Расстегнул, вывалил на стол картонные папки. Их было три, как и тогда. Ни одна не пропала.
Алексей раскрыл папку, что лежала сверху. Под руками зашуршали пожелтевшие листы старой-престарой бумаги, испещренные затейливыми буквами.
— «И имяше Олег рать со тиверцы…» — начал он продираться сквозь убористый текст, но моментально застрял. — Что за тарабарщина? Это на старославянском?
— Да, — подтвердила Юля. — Это и есть рукопись, про которую я тебе говорила. Список с летописи десятого века.
— Понять бы, о чем тут речь…
— В каждой папке, под листами оригинала, есть машинописный перевод. Папа сам переводил…
Алексей заглянул под желтые листы и нашел вполне современную бумагу с удобочитаемым содержанием.
— «И пошел Олег войной на тиверцев, и разбил их на краю Дикого поля, и перешли они под его власть, и сделались данниками его на веки вечные…» Это что, история Древней Руси?
— Не только. Папа говорил, что это подробное жизнеописание Вещего Олега. Гораздо подробнее, чем в новгородских летописях, которые известны на данный момент. Если удастся на сто процентов доказать подлинность летописи, это будет находка для историков. Она перевернет представление о русском Средневековье!
Юля заговорила с таким энтузиазмом, с каким, верно, вещал о своем приобретении сам профессор Миклашевский. Отцовские гены — большое дело.

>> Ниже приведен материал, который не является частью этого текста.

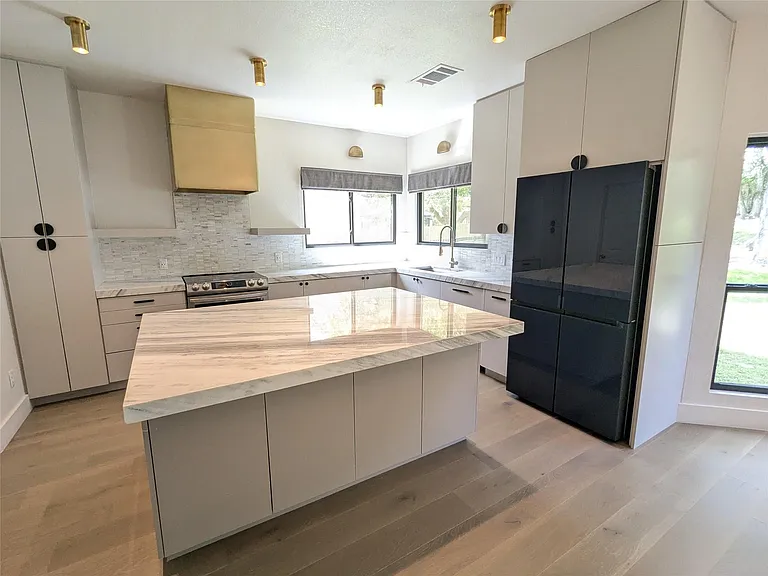 9257 Scenic Bluff Dr — Photo 13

Только теперь Касаткин заметил: пока она ходила за портфелем, успела привести себя в порядок — смыла расплывшуюся косметику, поправила растрепавшиеся волосы. Меньше чем за минуту. Вот это скорость! Интересно, а на льду с клюшкой в руках она бы вела себя так же шустро?
Алексей вообразил себе модницу Юлю в хоккейном свитере, шлеме и едва удержался от смешка. Зрелище не для слабонервных.
Анка благоговейно дотронулась до покоробленных временем страниц. История не была ее коньком, но тут и профану понятно, что речь идет о чем-то чрезвычайно важном и необыкновенном.
— Значит, эта летопись стоит очень дорого?
— Летописи как таковой нет, — пояснила Юля. — В этом и заключается главная проблема. Многие летописные своды не сохранились в подлиннике, мы знаем их только по более поздним спискам. Здесь то же самое. Этот список датируется шестнадцатым веком.
— Тоже древность! — вставил Касаткин.
Понять, к чему клонит Анка, было нетрудно. Раз преступник после первого неудачного ограбления и смерти профессора решился на повторное вторжение в квартиру Миклашевских, стало быть, эти бумаги имели для него огромное значение.
Юля тоже ухватила эту мысль.
— Вы думаете, он хотел выкрасть список, чтобы его продать? Кому? В Союзе частные коллекционеры не дадут за него больших денег, папа сам купил по дешевке… К тому же крадеными вещами торговать сложнее, уважающий себя собиратель не станет связываться с ворами. Разве что за границу вывезти, но опять же: сам по себе список не оценят слишком дорого, а к однозначному выводу, что это текст настоящей рукописи десятого века, эксперты пока не пришли.